Because your goal is pure black replacement quality heifers?

Because you raise black angus bulls?
 
Our angus bulls have been easier to handle than our horned herefords ever were. Still getting our herd to all black, so have no need for rwf bulls.
 
Well speaking as a man with quite a few black cows who does run Hereford bulls-it takes alot of looking to find Hereford bulls good enough to breed black cows to to raise baldie females. There is a plethora of big BW-bigger framed Hereford bulls to make crackerjack baldie steers with but to find a good SOUND cowmaker is another story. I've been lucky enough to use a couple A'I over the years and I have high hopes for the new Genex bull. The black baldie cow is still the best thing going in the cattle business as far as i'm concerned if the right stuff is used in her manufacture.
 
DJL said:
Our angus bulls have been easier to handle than our horned herefords ever were. Still getting our herd to all black, so have no need for rwf bulls.
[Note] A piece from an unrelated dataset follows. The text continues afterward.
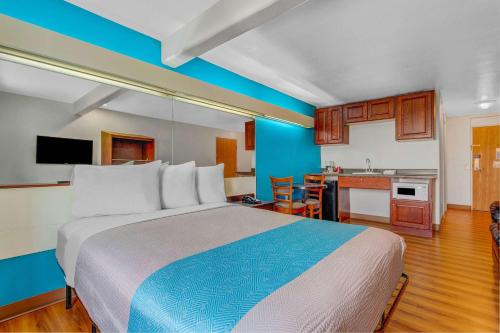 a hotel room with a large bed and a kitchen at Motel 6-Idaho Falls, ID - Snake River in Idaho Falls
I'd sure like to know where you were getting those honky hereford bulls... I still get week in the knees walking behind a black animal.
 
Northern Rancher said:
it takes alot of looking to find Hereford bulls good enough to breed black cows to to raise baldie females. There is a plethora of big BW-bigger framed Hereford bulls to make crackerjack baldie steers with but to find a good SOUND cowmaker is another story.

thank you - that is the kind of stuff I want to know

do you have a link to the "Genex bull"
 
We had horned bulls from a couple different local breeders, then switched to polled, and found them easy to handle since they were handled with a horse and weren't five gallon bucket bulls, but one too many spring storms dictated a departure from straight herefords, and I've always been an fan of black baldys, but hubby is liking them black, all black. I don't know at this point whether we will go with hereford bulls again. There aren't a lot of hereford breeders left around here, I don't think. I know I have to compete with some of them to buy angus bulls, which really frustrates me.
 
Northern Rancher - you must be talking about the 20P bull. He has me semi interested. I would like to find a good son of 20P out of the right canadian blooded cow. Too much L1 on the top side of his pedigree and I have seen some 552 stuff out of L1 cows I didn't care for at all. I think that bull would go over well in the states. He's got some good breeding in him. A couple shots of Andy (which I absolutely love - used three sons of him), Centennial (another bull that was a descent cowmaker - used a son of the old bull), 8020 (maternal sire of my current herd bull and sire of one of my heifer bulls - good females).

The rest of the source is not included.